• What to work on: Output, exactly as written, the lines below from the one that has "A simple illustration" through the one that has "flight attendant man Flat Round Icon"; nothing else, and no pictures.

• Source material:
--- --- ---
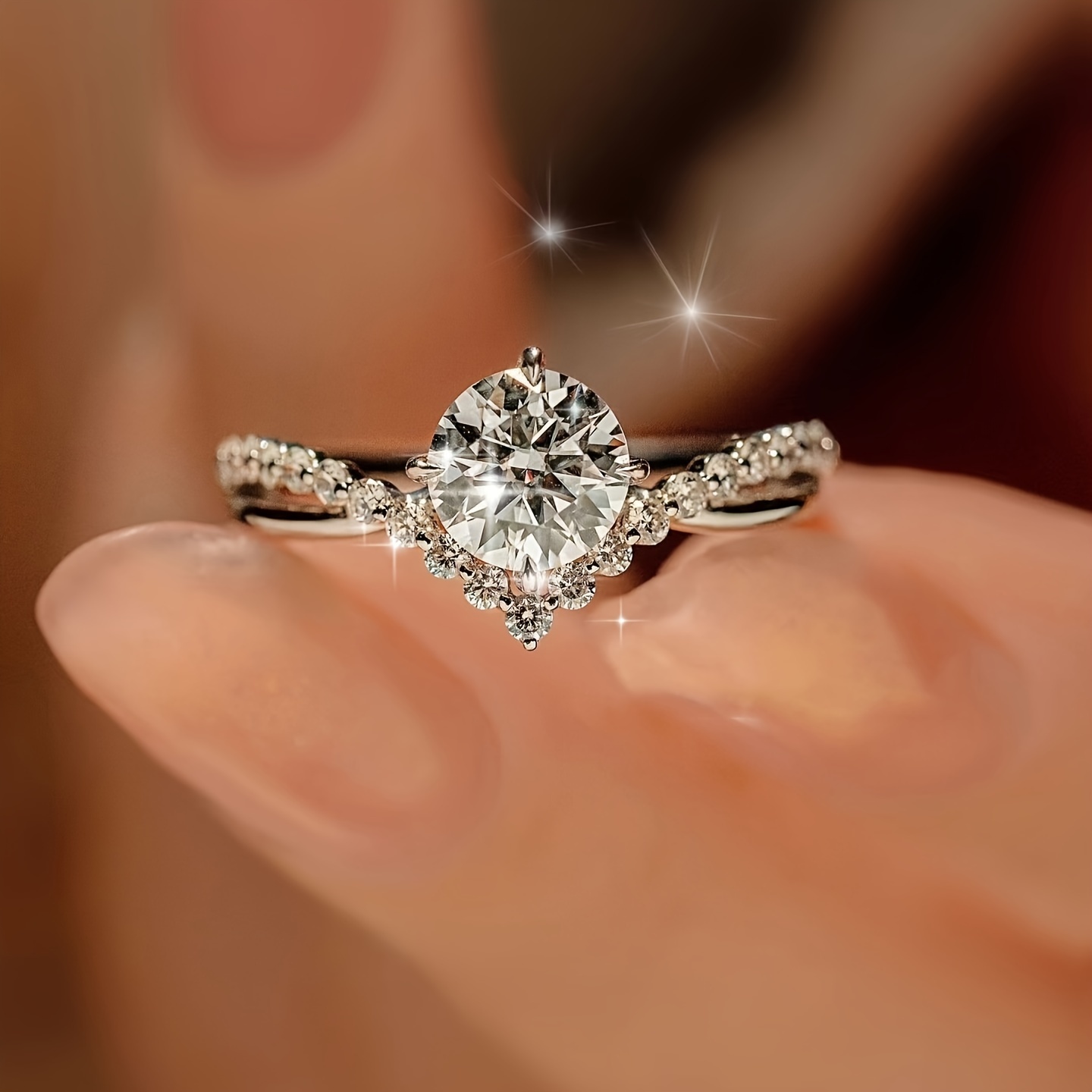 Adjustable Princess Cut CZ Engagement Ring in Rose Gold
--- --- ---
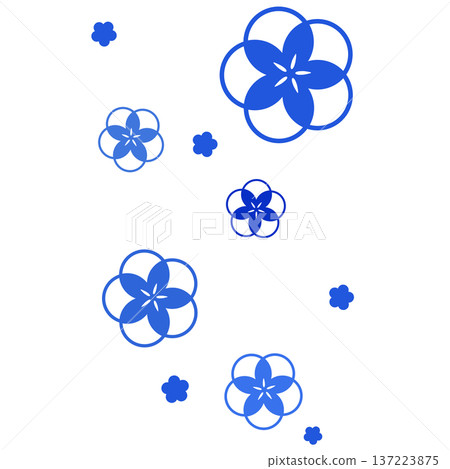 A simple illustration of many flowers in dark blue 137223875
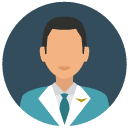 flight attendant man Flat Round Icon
--- --- ---
• Solution to this problem:
 A simple illustration of many flowers in dark blue 137223875
 flight attendant man Flat Round Icon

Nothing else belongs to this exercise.